• **Input data**:
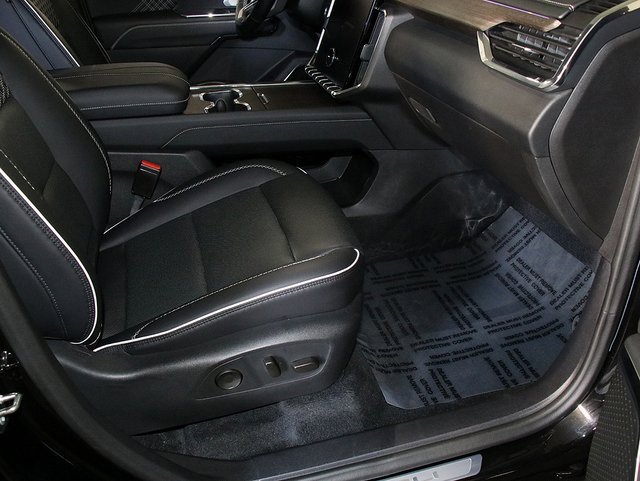 Used 2024 GMC Acadia Denali w/ Super Cruise Package image 38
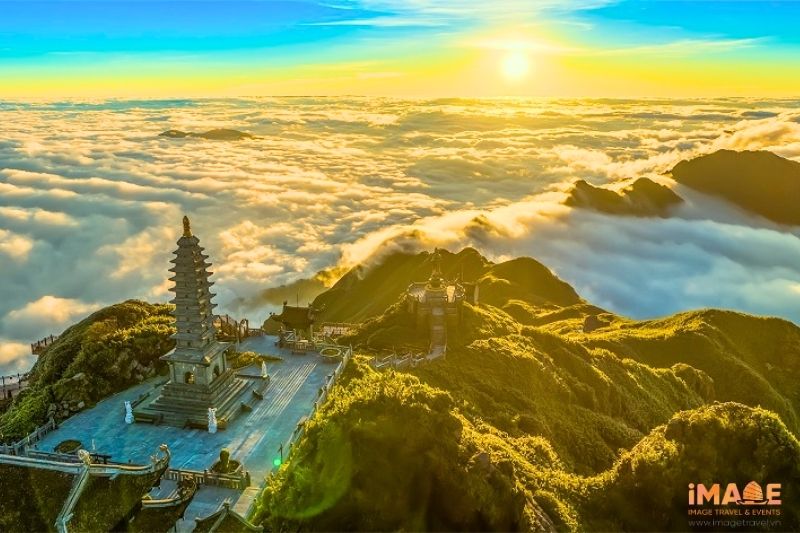 Fansipan - Mây Ngang Tầm Mắt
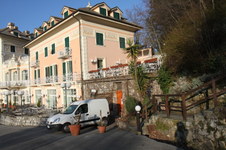 Enlarge photo 319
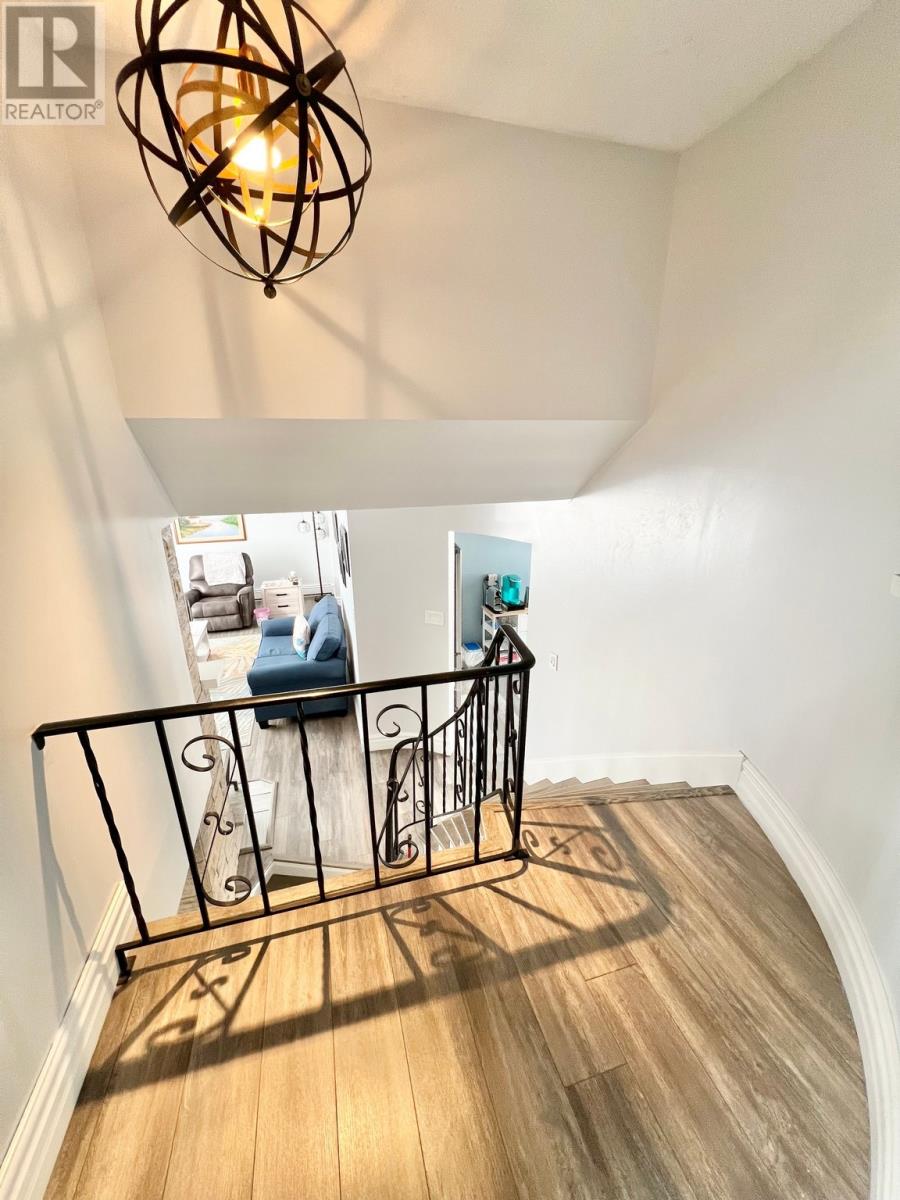 10 Southcott Drive - 27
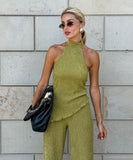 Backless Green Casual Outfit with Neck-Revealing Design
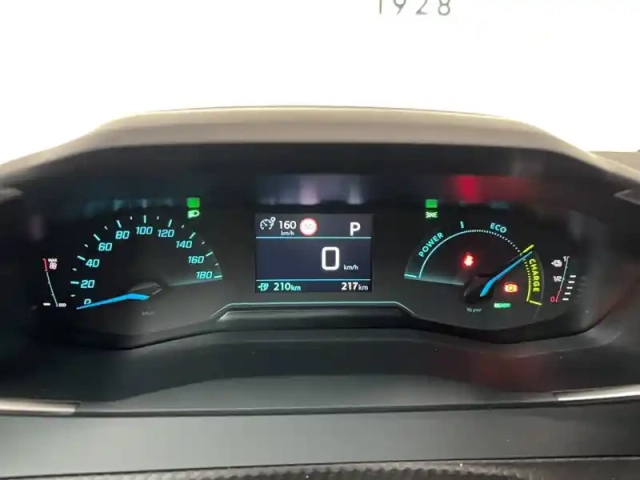 Peugeot 2008 electrique 50 kwh 136 ch — photo 12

• **Exercise directions**: Nothing but the lines from the one containing "Fansipan - Mây Ngang Tầm Mắt" through the end of the listing is to be output, and those lines are to be output exactly, pictures excluded.

• **Answer to the problem**:
 Fansipan - Mây Ngang Tầm Mắt
 Enlarge photo 319
 10 Southcott Drive - 27
 Backless Green Casual Outfit with Neck-Revealing Design
 Peugeot 2008 electrique 50 kwh 136 ch — photo 12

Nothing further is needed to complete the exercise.